Sans doute une certaine marge de l'actualité de Shakespeare a-t-elle été perdue, et c'est à partir de cette perte que la situation change, c'est-à-dire que les lectures possibles de ses textes s'élargissent. L'élément nouveau est précisément à ce point : il y a des lectures, désormais déliées d'un spectacle concis. Donc, il y a des lectures. Ainsi la lecture légendaire et tonitruante donnée au tournant du siècle par le duc de Saxe Meiningen de Jules César il a été construit précisément dans la perspective d'une telle archive historique, avec des architectes et des archéologues en service à Rome même.

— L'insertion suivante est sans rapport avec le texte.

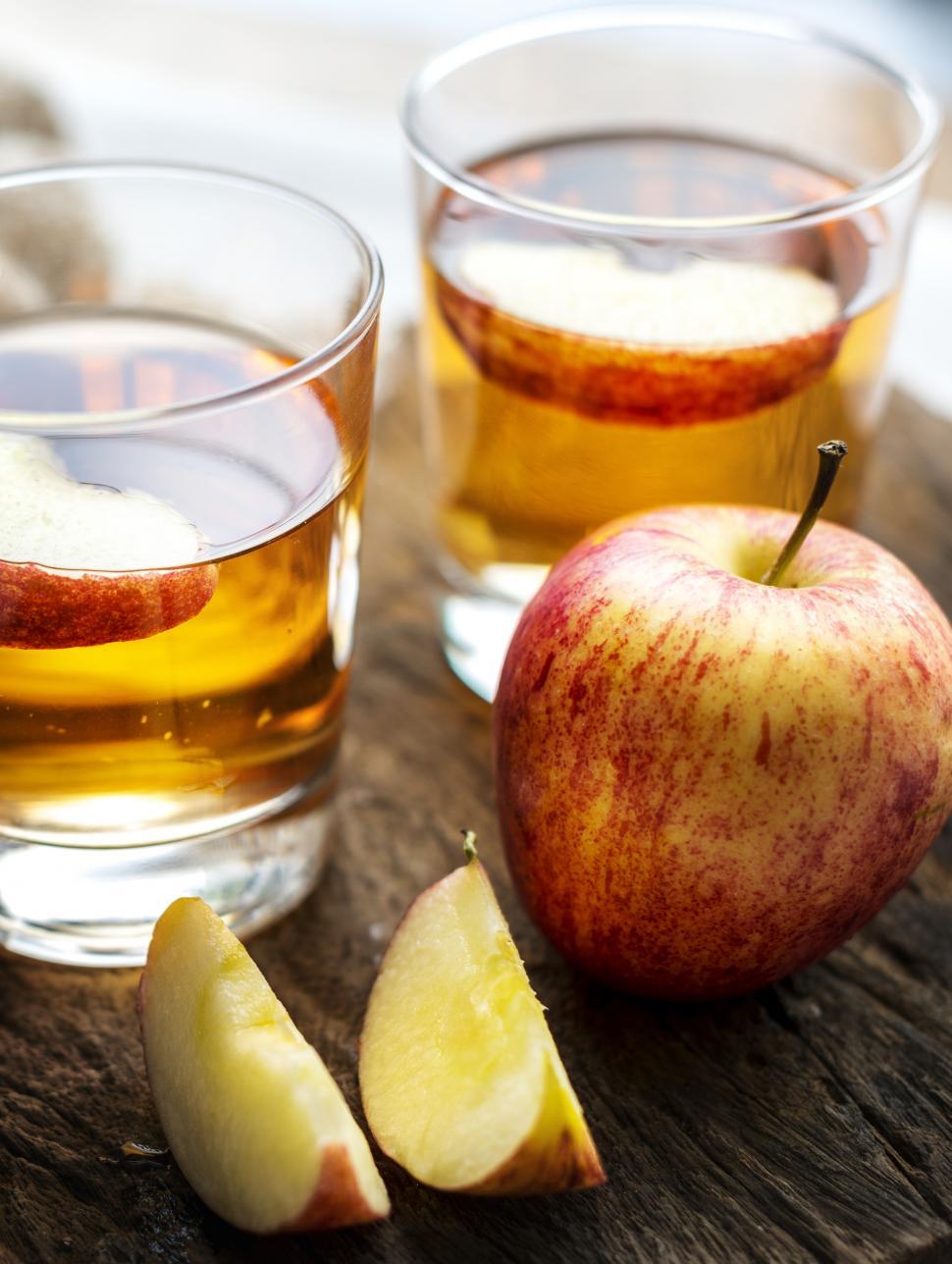 Free Image of Close up of apple juice glasses with fresh apples 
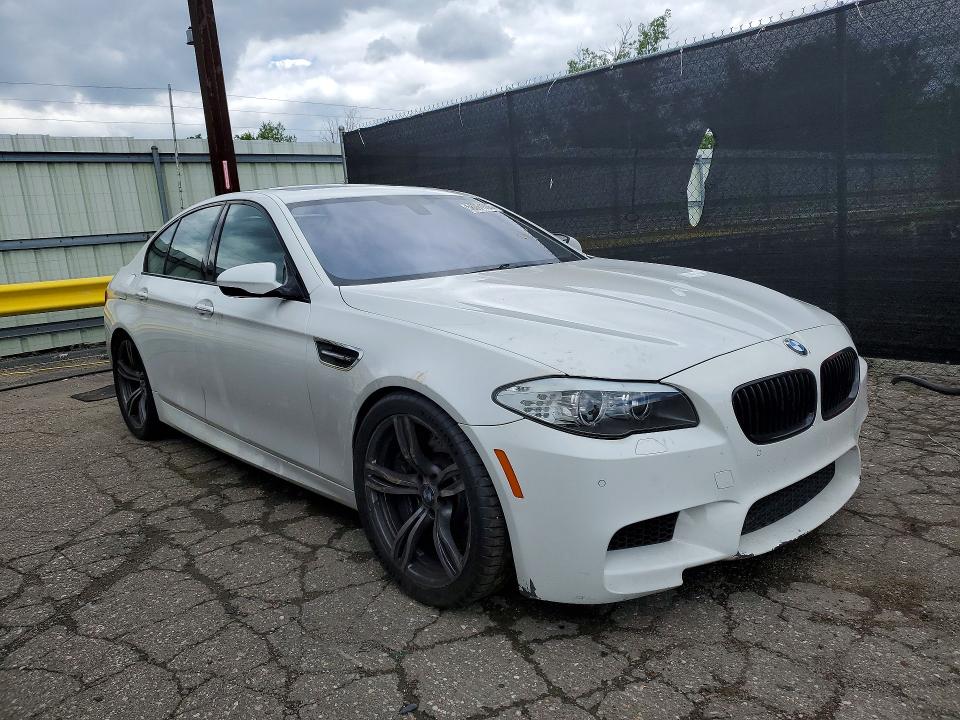 2013 BMW M5 VIN WBSFV9C58DC773514 COPART salvage auction — UNDERCARRIAGE, Mi - Certificate Of Title, sold $2,300 on 2026-07-21 (photo 4)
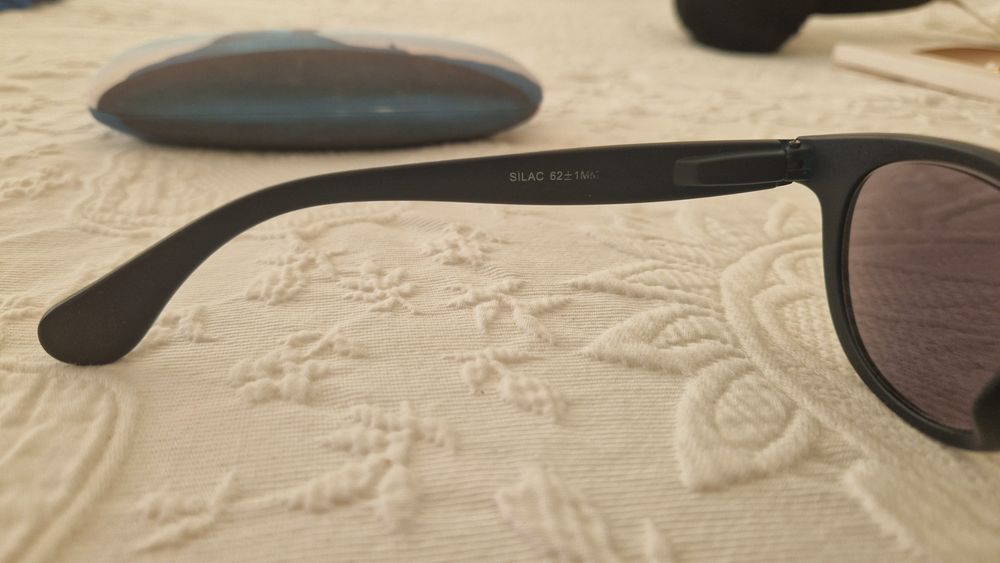 Óculos de sol graduados +1.5 com caixa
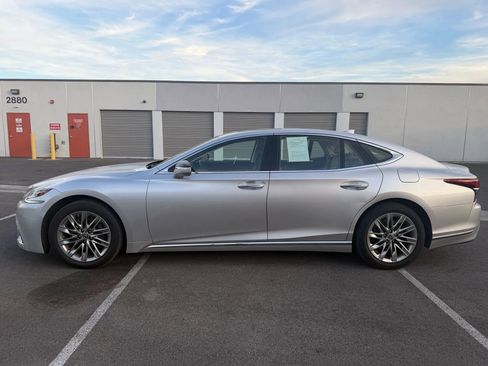 Used 2018 Lexus LS 500 w/ Accessory Package (Z1) RWD image 2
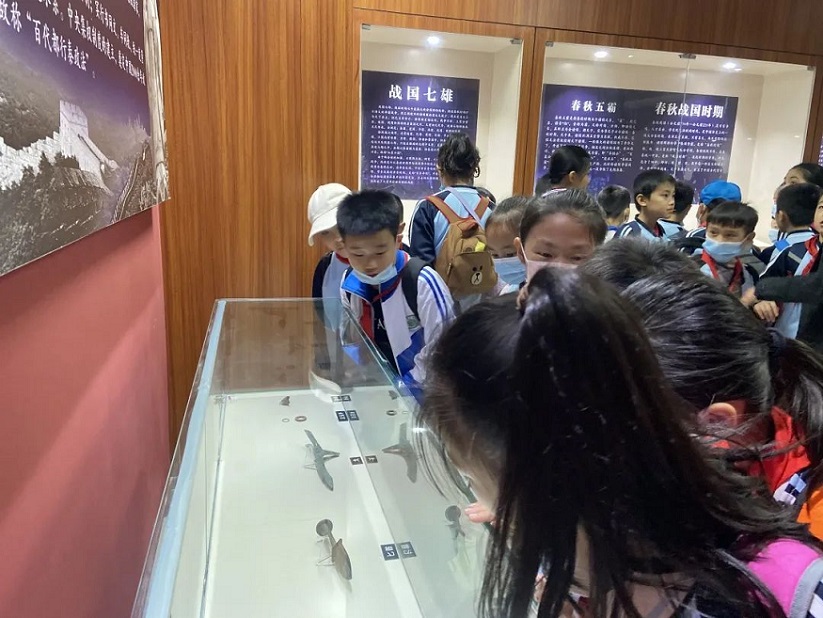 【研学旅行】贯通古今学知识，科学知识谱未来――漫画18
实验小学秋季研学旅行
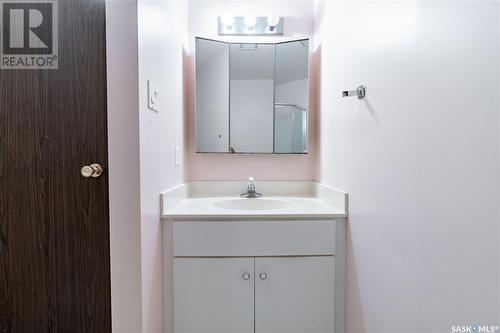 128 Quincy Drive, Regina, SK - Indoor Photo Showing Bathroom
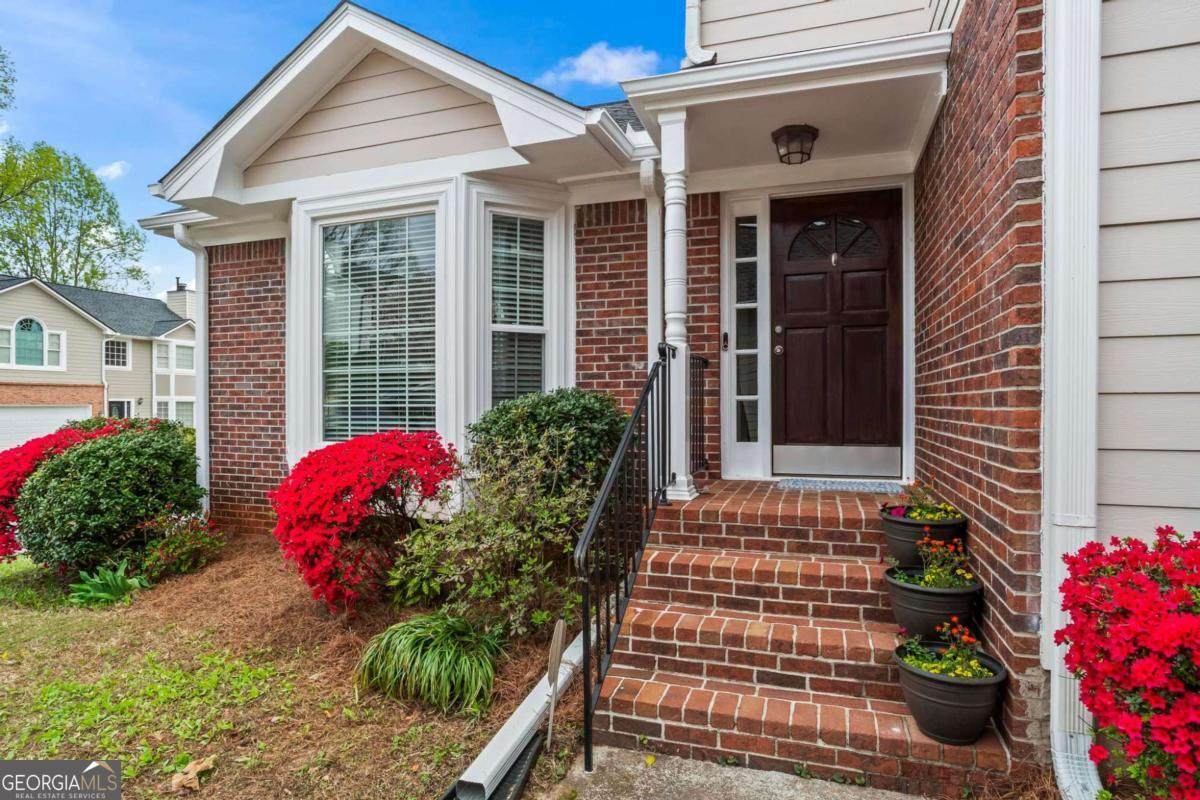 1175 Alexandria Court - Photo 1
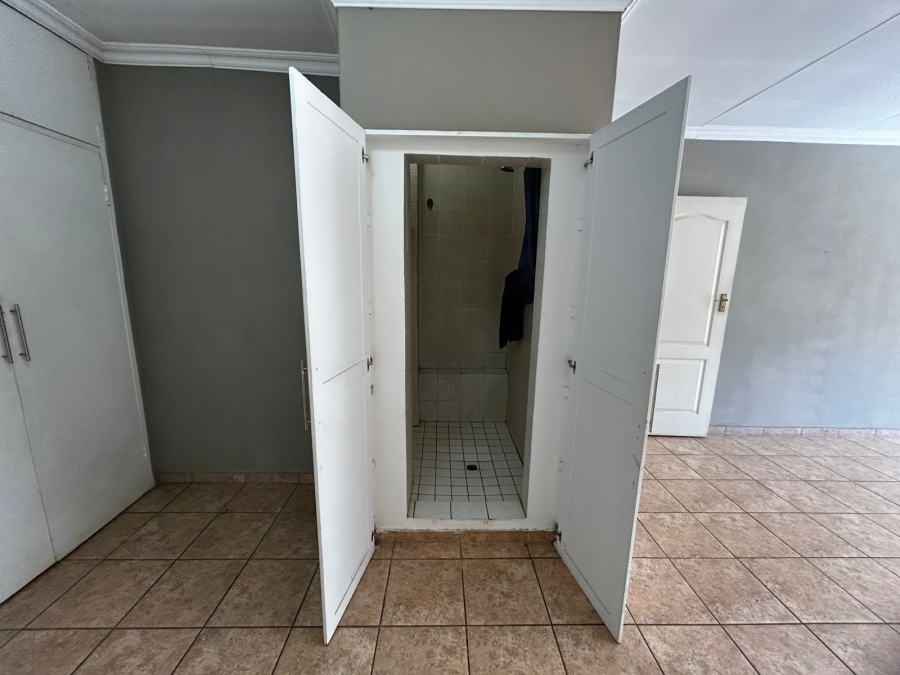 4 Bedroom Property for Sale in Waverley Gauteng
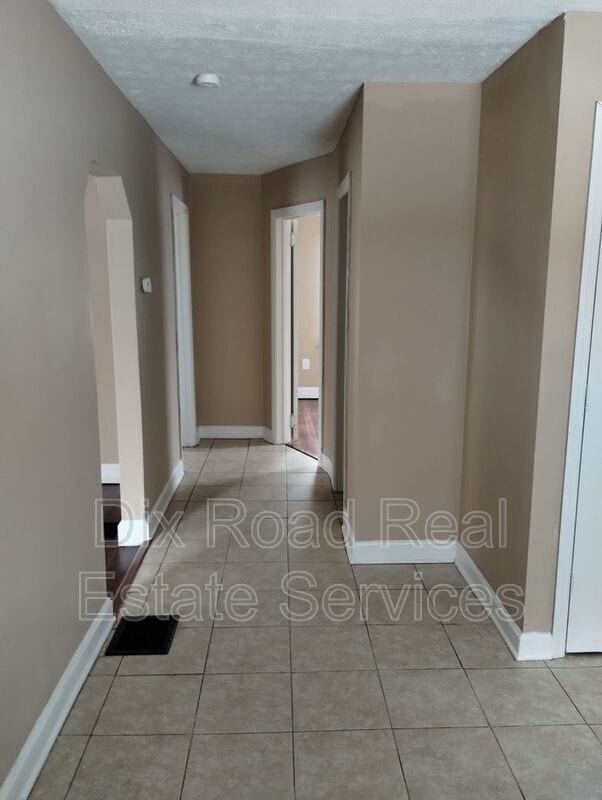 Building Photo - 1724 Parkamo Ave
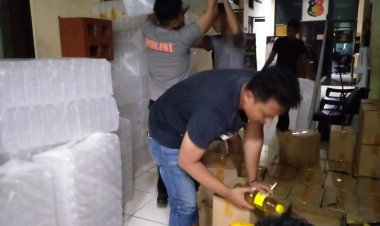 Polda Jateng Tangkap Penjual Migor Curah dalam Kemasan Premium Palsu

D'où le problème : à quoi ressemble un texte Jules César? Une pièce romaine du IIIe siècle, une simple proposition élisabéthaine ou un texte contemporain ? Le théâtre, et avec lui le cinéma, a préféré la première hypothèse. A première vue, une telle approche pourrait même apparaître comme un « progrès », une manière de « mettre à jour » Shakespeare précisément en le repoussant aux Ides romaines. Mais, tout bien considéré, et bien qu'on le déplore, de tels procédés portent en eux une partie du maquillage du masque mortuaire. Ce sont les délires de la conscience historique, des choses qui font la spécificité de l'expérience théâtrale de notre temps. Mais le saint est fort, et sait résister à tout.
Les idées exposées ne sont que des manières de parcourir des généralités qui pèchent peut-être de perdre le contact avec le sol de béton de cette mer immense qui fut et continue d'être notre bardo. Mais ce sont des idées qui participent, comme un simple itinéraire, de mon effort pour comprendre Shakespeare, pour le rendre intelligible dans l'aventure variée de ses succès : dans ce cas, et comme toujours, l'intelligence de chacun est absolument obligatoire. Cette limite des énoncés génériques conduit strictement à l'évidence : ce qui importe, puisqu'il constitue le véritable point de départ de tout, est dans le enquête, dans la recherche de terrain, dans l'analyse minutieuse qui accompagne chaque situation, chaque phrase, chaque mot.
Que la plume passe donc à l'auteur de ce texte étendu et fascinant qui est maintenant remis entre les mains du lecteur. C'est avec plaisir, avec joie même que j'ai accepté l'invitation de Barbara Heliodora à écrire cette brève méditation, pour elle, et surtout pour Shakespeare. L'excellence des essais qui composent ce livre, certains écrits en anglais et maintenant traduits en portugais par l'auteur elle-même, mérite bien plus. Barbara occupe, sans aucune faveur, une place privilégiée parmi les plus grands spécialistes de Shakespeare au monde. Il se lit pour voir.
* Gerd Bornheim (1929-2002) était professeur de philosophie à l'UFRJ. Auteur, entre autres livres, de Brecht : l'esthétique du théâtre (Graal).